BEGIN

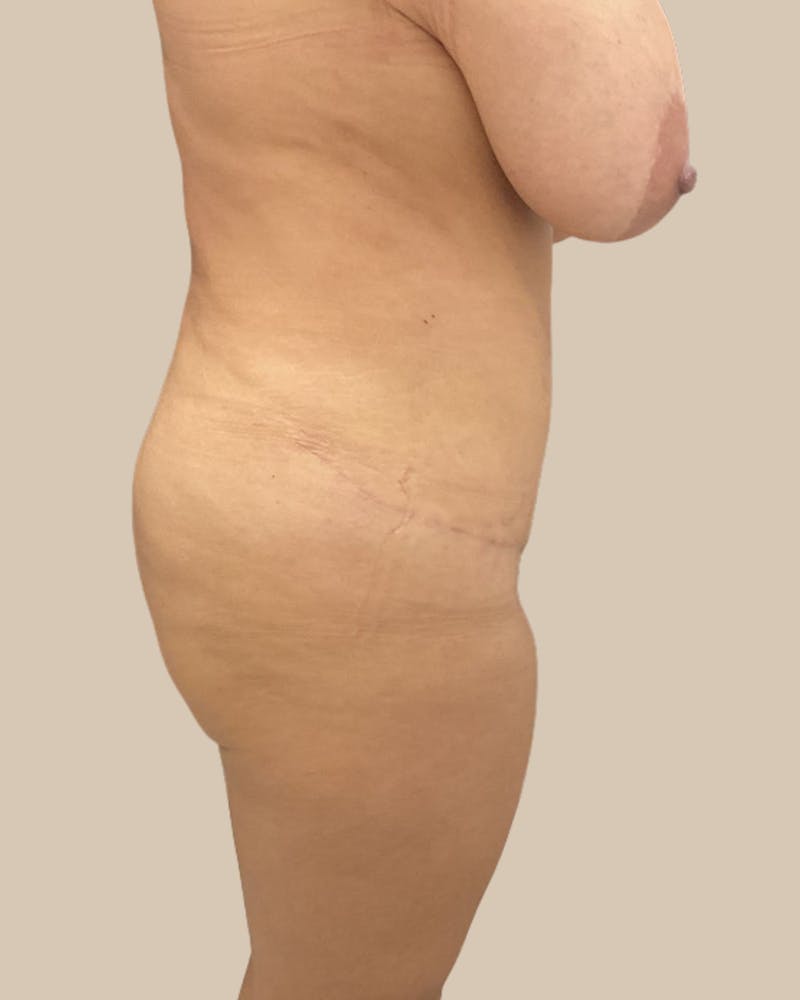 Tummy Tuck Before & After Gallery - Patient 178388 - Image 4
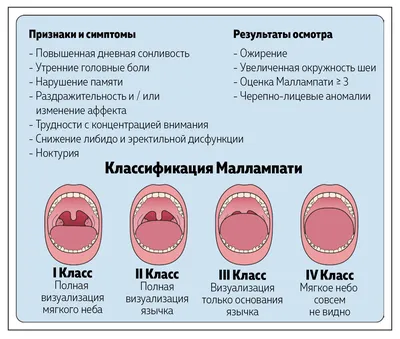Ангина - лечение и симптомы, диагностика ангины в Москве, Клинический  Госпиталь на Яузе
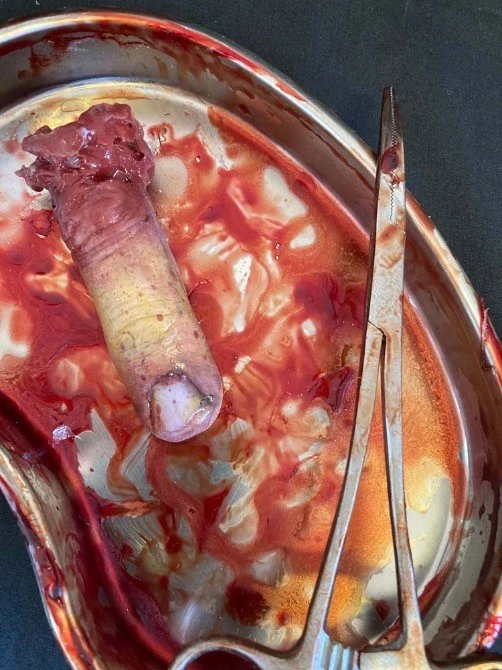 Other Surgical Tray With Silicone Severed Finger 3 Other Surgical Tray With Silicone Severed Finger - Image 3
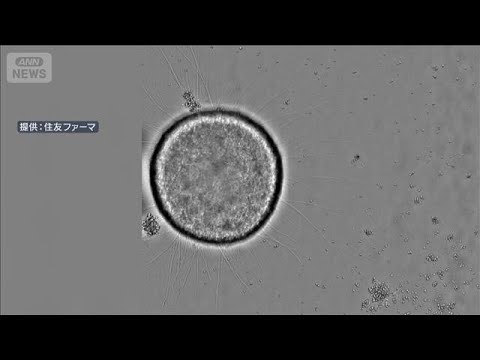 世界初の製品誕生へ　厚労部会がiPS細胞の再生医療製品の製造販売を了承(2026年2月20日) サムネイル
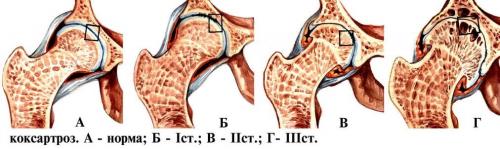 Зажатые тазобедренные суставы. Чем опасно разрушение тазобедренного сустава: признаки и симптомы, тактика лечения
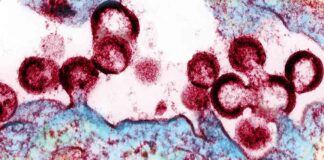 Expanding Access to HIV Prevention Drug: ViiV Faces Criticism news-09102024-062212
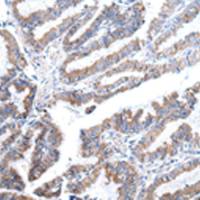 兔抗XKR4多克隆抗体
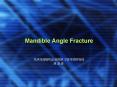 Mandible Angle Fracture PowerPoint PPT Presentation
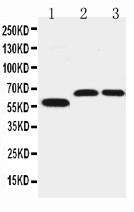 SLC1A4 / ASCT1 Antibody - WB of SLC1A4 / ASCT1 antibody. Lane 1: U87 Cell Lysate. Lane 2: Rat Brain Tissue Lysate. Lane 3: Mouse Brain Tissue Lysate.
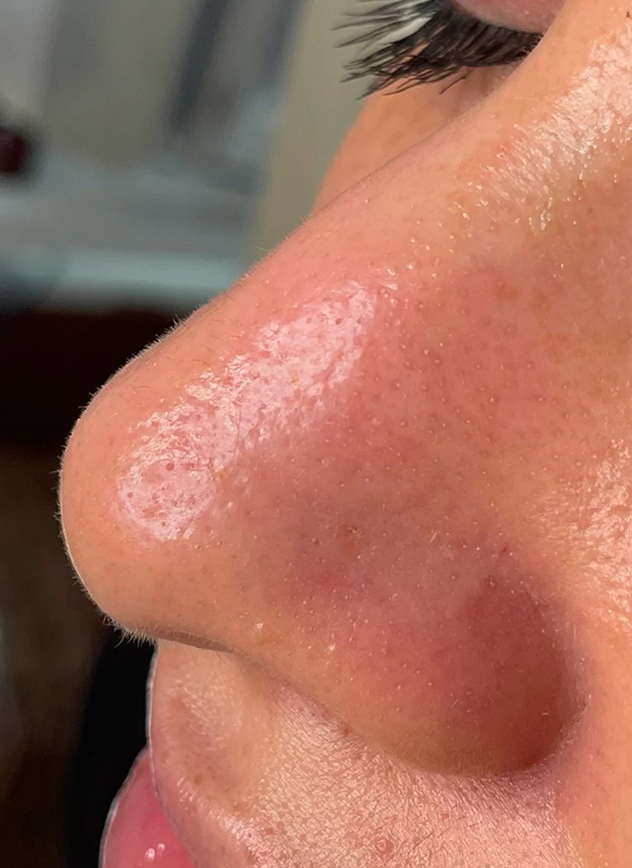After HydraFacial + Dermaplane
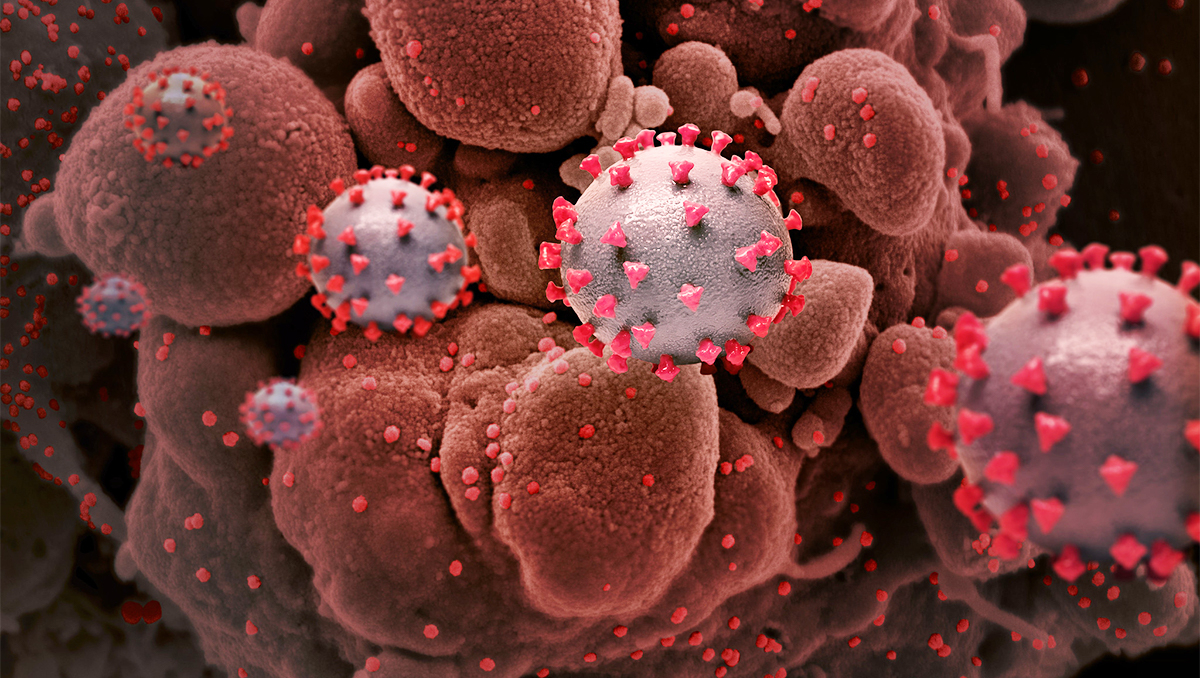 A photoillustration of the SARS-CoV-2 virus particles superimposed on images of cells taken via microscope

END

WHAT IS BEING ASKED: Give an exact copy of the listing, without its pictures.

TASK ANSWER:
 Tummy Tuck Before & After Gallery - Patient 178388 - Image 4
Ангина - лечение и симптомы, диагностика ангины в Москве, Клинический  Госпиталь на Яузе
 Other Surgical Tray With Silicone Severed Finger 3 Other Surgical Tray With Silicone Severed Finger - Image 3
 世界初の製品誕生へ　厚労部会がiPS細胞の再生医療製品の製造販売を了承(2026年2月20日) サムネイル
 Зажатые тазобедренные суставы. Чем опасно разрушение тазобедренного сустава: признаки и симптомы, тактика лечения
 Expanding Access to HIV Prevention Drug: ViiV Faces Criticism news-09102024-062212
 兔抗XKR4多克隆抗体
 Mandible Angle Fracture PowerPoint PPT Presentation
 SLC1A4 / ASCT1 Antibody - WB of SLC1A4 / ASCT1 antibody. Lane 1: U87 Cell Lysate. Lane 2: Rat Brain Tissue Lysate. Lane 3: Mouse Brain Tissue Lysate.
After HydraFacial + Dermaplane
 A photoillustration of the SARS-CoV-2 virus particles superimposed on images of cells taken via microscope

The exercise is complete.